• [Assignment] Would you please transcribe the data in full and exactly, excluding images?

• [Supplied information]
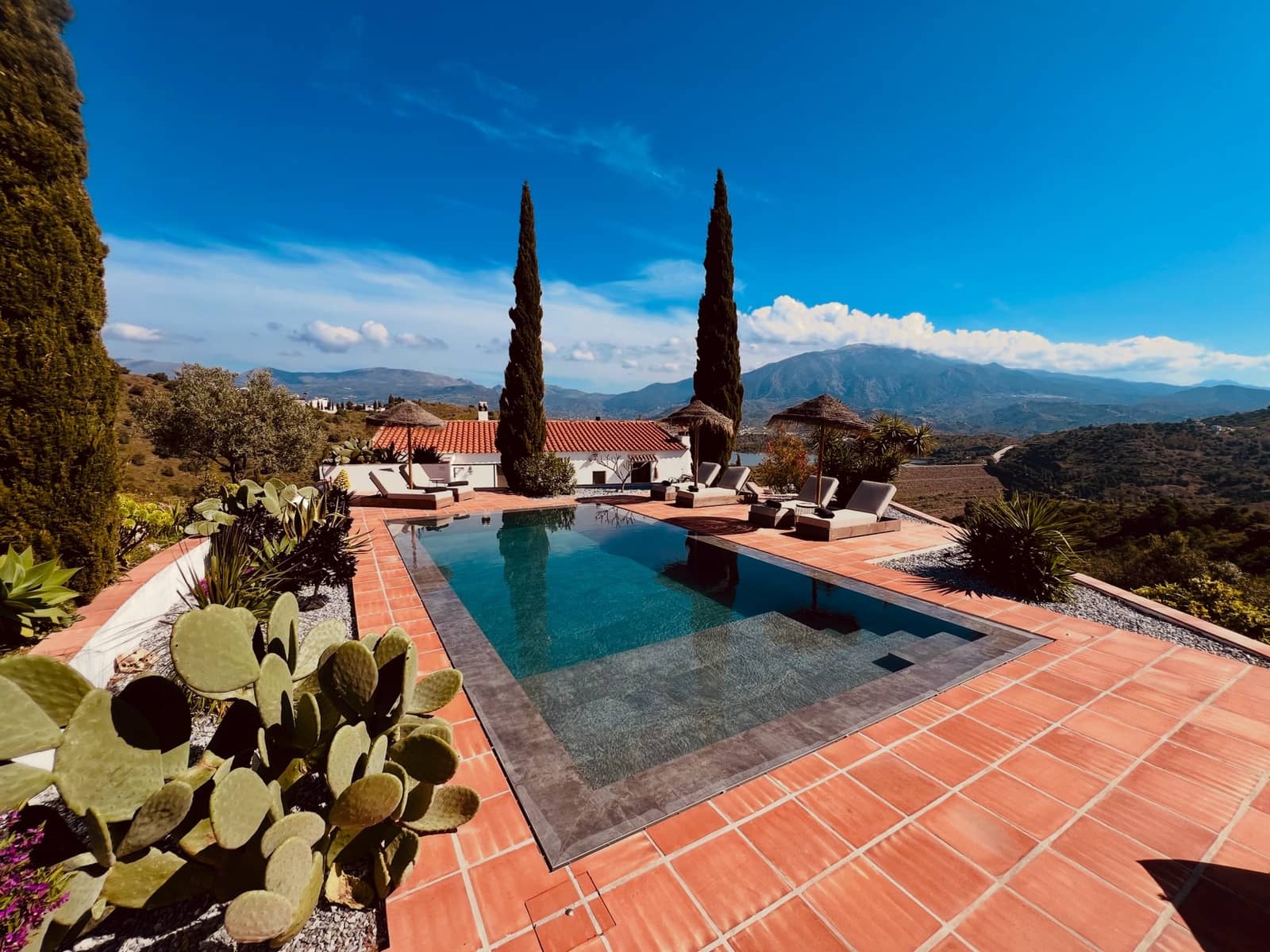 6 makuuhuone Huvila myytävänä paikassa Vinuela mukana uima-altaan 
autotalli - 849 000 € (Ref: 9729477)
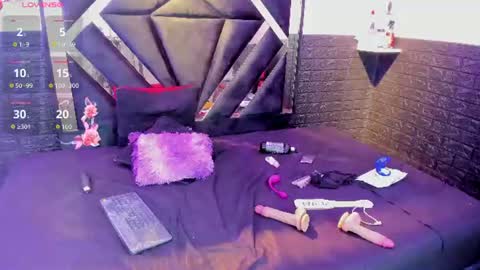 valentina online show from July 11, 4:01 am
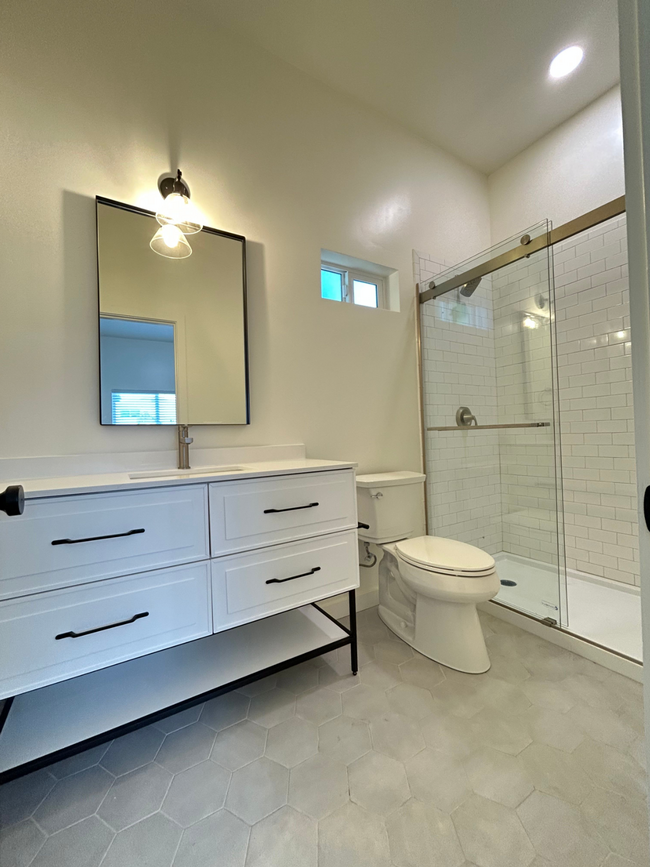 Building Photo - Newly Constructed 2 Bedroom / 2 Bath - Clo...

• [Solution to this task]
 6 makuuhuone Huvila myytävänä paikassa Vinuela mukana uima-altaan 
autotalli - 849 000 € (Ref: 9729477)
 valentina online show from July 11, 4:01 am
 Building Photo - Newly Constructed 2 Bedroom / 2 Bath - Clo...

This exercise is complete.